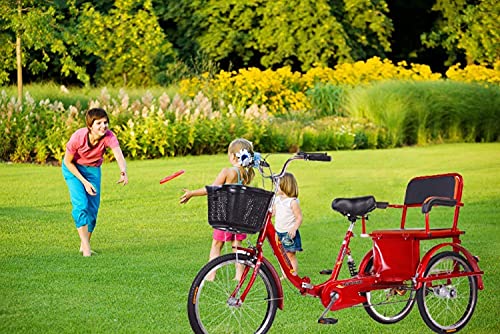 FGVDJ Triciclo Bicicleta de 3 Ruedas para Adultos con Asiento Trasero + Canasta ampliada Tres Rondas para Padres e Hijos Bicicleta de Doble Cadena con Motor Humano, Pedal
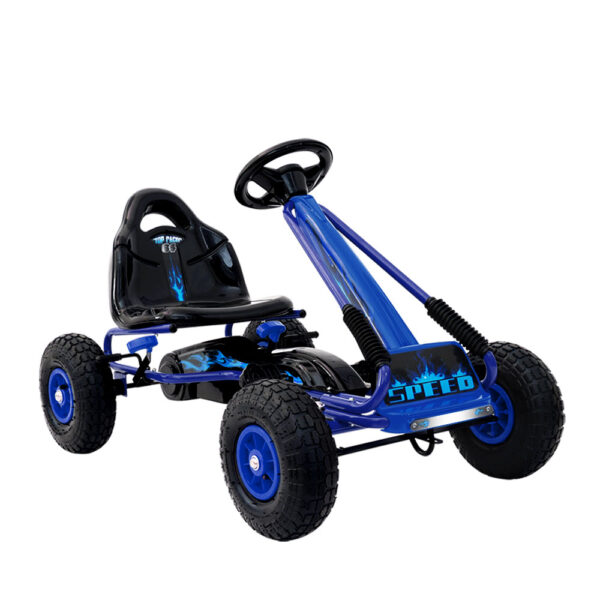 Fanno-Kids Pedal Go Kart Outdoor Toy Safe Fun for Ages 3 and Up Blue Rubber Tyres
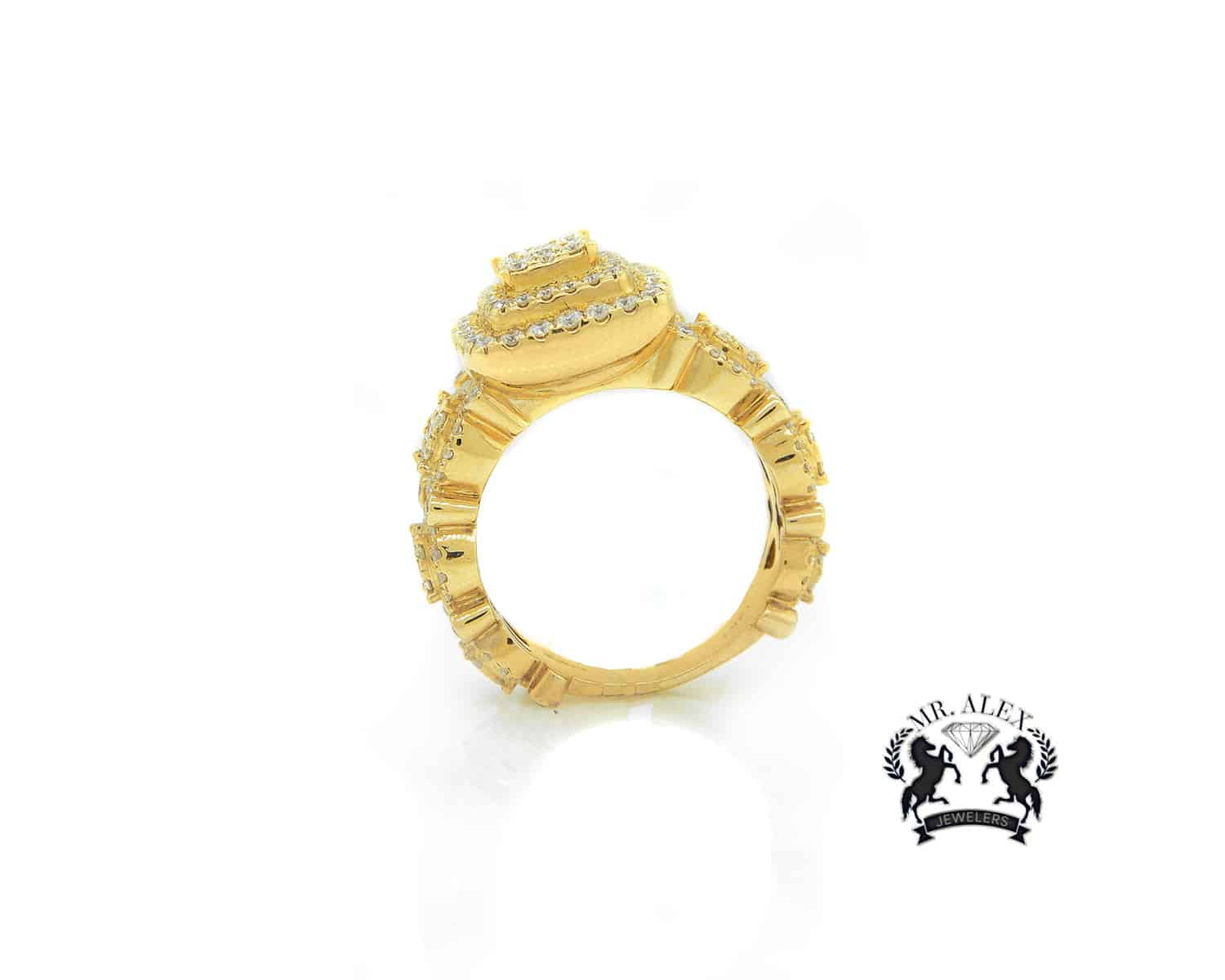 14K Three Square Diamond Ring 2.50ct - Mr. Alex Jewelry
________________________
WORK TO COMPLETE
Leaving the pictures out, transcribe word for word the lines from the one with "Fanno-Kids Pedal Go" to the end of the material above, inclusive, and nothing else.

EXERCISE ANSWER
 Fanno-Kids Pedal Go Kart Outdoor Toy Safe Fun for Ages 3 and Up Blue Rubber Tyres
 14K Three Square Diamond Ring 2.50ct - Mr. Alex Jewelry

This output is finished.